- Hangul: 정난정
- Hanja: 鄭蘭貞
- RR: Jeong Nanjeong
- MR: Chŏng Nanjŏng

= Chŏng Nanjŏng =

Korean politician (1506–1565)

Chŏng Nanjŏng (1509 – November 13, 1565) was a Korean de facto politician of the Joseon period.

== Biography ==
Lady Chŏng was born in Hansŏng into the Chogye Jeong clan to Chŏng Yun'gyŏm, a deputy general, and his concubine, Lady Nam. She was the illegitimate daughter among her father's three sons and two daughters. Lady Chŏng's mother was a slave because she was involved in treason, and was eventually assigned to the house of Chŏng Yun'gyŏm.

When she was young, she fell in love with Yun Wŏnhyŏng, the younger brother of Queen Munjeong, and became his concubine. Lady Chŏng soon became the influential concubine of Yun Wŏnhyŏng, who himself was the maternal uncle of 13th King Myeongjong, and Chief State Councilor during 1563 to 1565.

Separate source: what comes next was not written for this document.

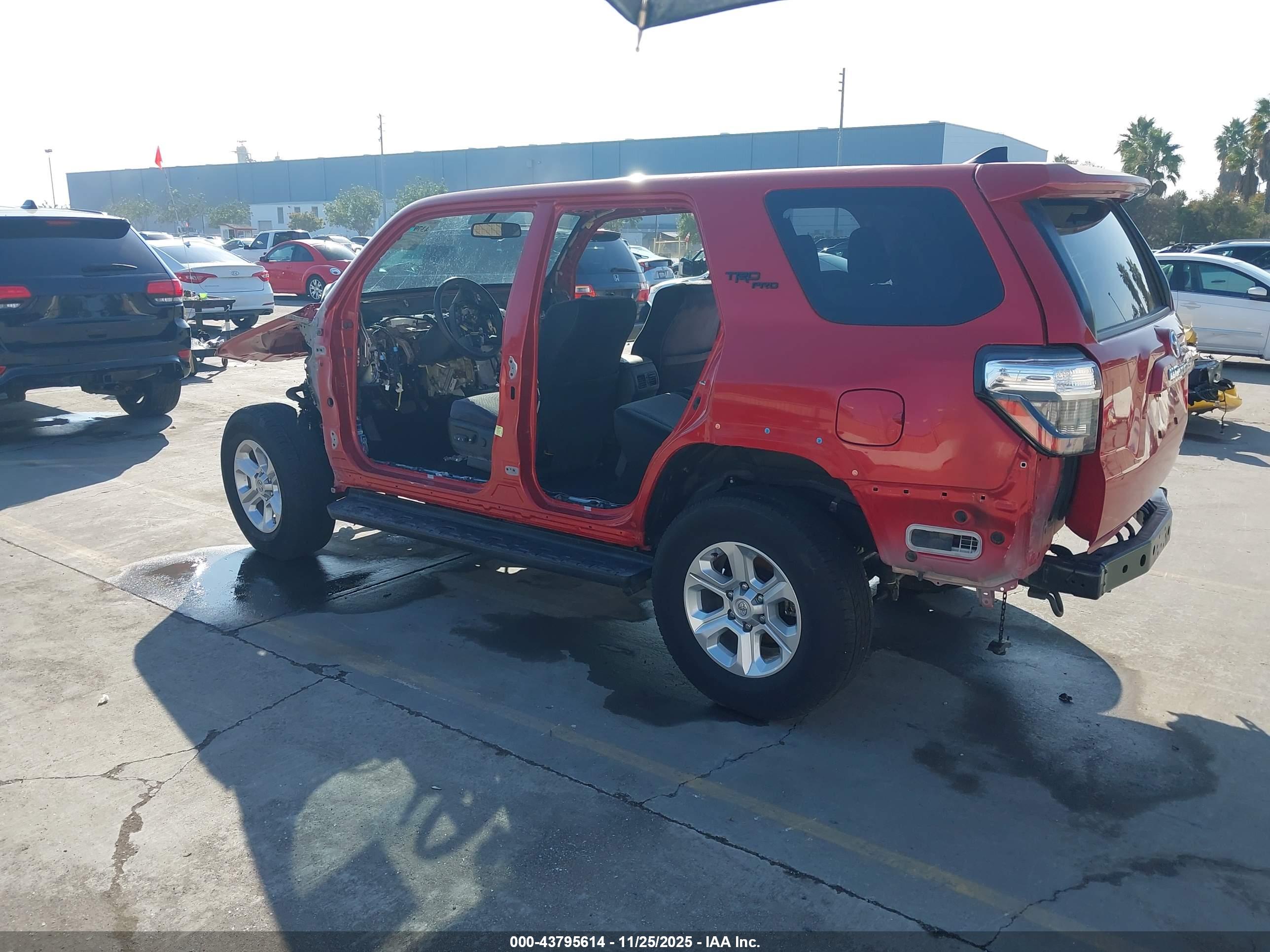 TOYOTA 4RUNNER image 3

Later, when Kim Allo's conspiracy to dethrone Queen Munjeong was discovered, Kim Allo was investigated and she poisoned Kim Allo's first cousin once removed, Yun Wŏnhyŏng's first wife, Lady Kim of the Yonan Kim clan. After that, in the 8th year of King Myeongjong's reign, Queen Munjeong had made it a priority to make Chŏng Nanjŏng her sister-in-law.

She soon became the second wife with full status. She became very close to her sister-in-law Queen Munjeong, and gained a good amount of wealth. But because she was the second wife, the children of Lady Kim inherited the wealth of the clan rather than her own.

In 1565, after the death of the Queen, both Chŏng and Yun were exiled from the capital and, unable to make a political comeback, both committed suicide by poison (Chŏng first, followed by her husband five days later)

==Family==
- Father - Chŏng Yun'gyŏm (1463–1536)
  - Grandfather - Chŏng On (1435–1508)
  - Grandmother - Lady Wŏn of the Wonju Won clan (원주 원씨; 1428–?); eldest daughter of Won Ja-min (원자민, 元自敏; 1380–?)
- Mother - Lady Nam (1473–?)
- Husband - Yun Wŏnhyŏng (1509 – 18 November 1565)
- Issue
  - Daughter - Lady Yun of the Papyeong Yun clan (1545–?)
    - Son-in-law - Yi Chomin (1541–?)
      - Granddaughter - Lady Yi of the Yongin Yi clan (용인 이씨; 1560–?)

==In fiction==
- Portrayed by Kang Soo-Yeon in the 2001 SBS TV Series Ladies in the Palace.
- Portrayed by Park Joo-mi in the 2016 MBC TV series The Flower in Prison.
- Portrayed by Yoon Ji-min in the 2019 TV Chosun TV series Joseon Survival Period.